Dès lors la fixation du coefficient socio-professionnel doit tenir compte de la durée limitée du préjudice professionnel entre la rupture du contrat de travail et la prise de retraite de l’assurée.
L’ensemble de ces éléments justifie la fixation d’un coefficient professionnel de 5%,
En conséquence, il conviendra d’infirmer partiellement la décision implicite de rejet de la [7] et la décision de la [8] du 19 février 2024 en ce qu’elles n’ont pas attribué de taux socio-professionnel à Madame [R] [I] ; et il conviendra en ce sens de fixer à 55% le taux d’IPP global de Madame [R] [I] imputable à sa maladie professionnelle diagnostiquée le 11 mai 2021 et concernant un « syndrome anxiodépressif en lien avec vécu de harcèlement et de maltraitance au travail », comprenant 5% de taux socio-professionnel.

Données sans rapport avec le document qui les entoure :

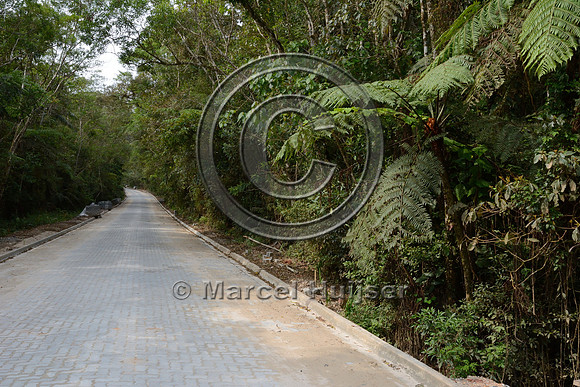 Road through Parque Estadual 'Carlos Botelho' under reconstruction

La [8] sera condamnée aux éventuels dépens de l’instance.
PAR CES MOTIFS,
Le Tribunal, statuant par décision mise à disposition au greffe, par jugement contradictoire et en premier ressort, après en avoir délibéré conformément à la loi,
INFIRME partiellement la décision implicite de rejet de la [7] et la décision de la [8] du 19 février 2024 en ce qu’elles n’ont pas attribué de taux socio-professionnel à Madame [R] [I] ;
FIXE en conséquence à 55% le taux global d’incapacité permanente partielle de Madame [R] [I] en lien avec sa maladie professionnelle diagnostiquée le 11 mai 2021 et concernant un « syndrome anxiodépressif en lien avec vécu de harcèlement et de maltraitance au travail », dont 5% de taux socio-professionnel ;
CONDAMNE la [8] aux éventuels dépens de l’instance.
En foi de quoi, la Présidente et la Greffière ont signé le présent jugement.